Estimadas y estimados, en los tiempos que vivimos, la solidez espiritual de los cristianos que formamos las comunidades eclesiales es muy necesaria. En un tiempo de fragmentación de los conocimientos, dispersión existencial, precariedad en las relaciones personales y, además, de coexistencia con hechos absolutamente desconcertantes para la propia vida de la Iglesia, tan solo una vida espiritual firme nos puede salvar del naufragio. La liturgia del Viernes Santo usa la imagen del naufragio para indicar el valor redentor de la cruz de Jesús. Sin el Evangelio nos hundiríamos y, como Pedro, tendríamos que exclamar: «Señor, ¡sálvame!» (Mt 14,30). En la fachada del Nacimiento de la Sagrada Familia, con grandes letras, el arquitecto Antonio Gaudí lo escribió en plural —y en latín— sobre el mar que tiene que atravesar la frágil barca de la Iglesia guiada por Pedro: «Salva nos!». El arquitecto de Dios subrayó la dimensión eclesial del texto de Mateo reconvirtiendo el singular en plural: «¡Sálvanos!». Efectivamente, sin la mano extendida y fuerte de Jesús, Pedro y, con él, cualquier discípulo, sería víctima de la fuerza que arrastra hacia la peor de las muertes, la espiritual. El Evangelio de Jesús, vivido interiormente y compartido sin miedos, preserva del naufragio espiritual. De lo contrario, este mundo inestable y ambiguo, acabaría descoyuntando la voluntad e hiriendo gravemente el gozo de la vida cristiana.
El paso previo al desastre es la indiferencia que agua la vida de oración y la vivencia de la fe, lo decía la semana pasada. En la primera carta de Juan se dice que «hay un pecado que es de muerte» (5,16). Este pecado es, hoy, la indiferencia progresiva, el enfriamiento que hace que te vuelvas superficial y vacío y facilita que la fuerza del mal te posea de manera especial. El mismo Jesús lo anuncia en el último discurso antes de la pasión: «y, al crecer la maldad, se enfriará el amor en la mayoría» (Mt 24,12). La caridad es como un fuego que pierde intensidad y llega a apagarse cuando no se pone freno a la fuerza del mal que actúa en el mundo y que lleva a los discípulos a la perdición. Nadie es inmune a este enfriamiento del amor. Porque, como dice el apóstol, «el que se crea seguro, cuídese de no caer.» (1 Co 10,12).

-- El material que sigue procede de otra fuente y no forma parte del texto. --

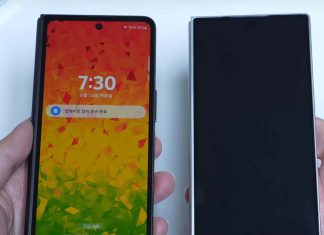 Samsung Galaxy Z Fold 6 Dummy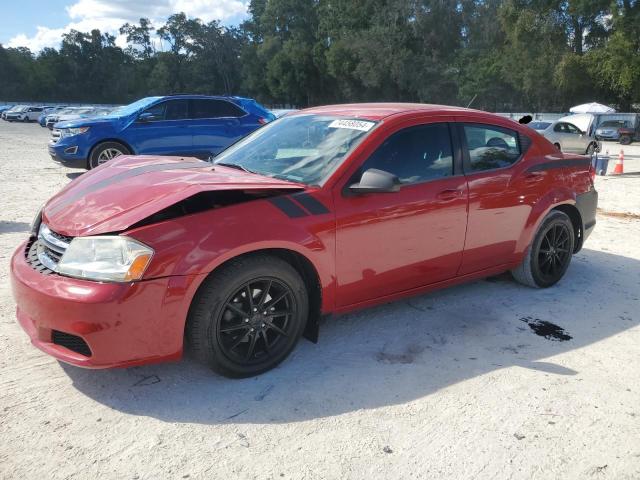 VIN 1C3CDZAB2EN130754 2014 Dodge Avenger, SE no.1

El papa Francisco afirma que ante las dificultades hay que permanecer «firmes alrededor de Dios que ama y que sostiene. Desde esta firmeza interior es posible aguantar, soportar las contrariedades, los vaivenes de la vida, y también las agresiones de los otros, sus infidelidades y sus defectos». Y añade: «A partir de esta solidez interior, el testimonio de santidad, en nuestro mundo acelerado, voluble y agresivo, está hecho de paciencia y constancia en el bien» (Gaudete et exsultate, 112). Que esta sea nuestra actitud, haciendo nuestra la súplica de Pedro: «Señor, ¡sálvanos!».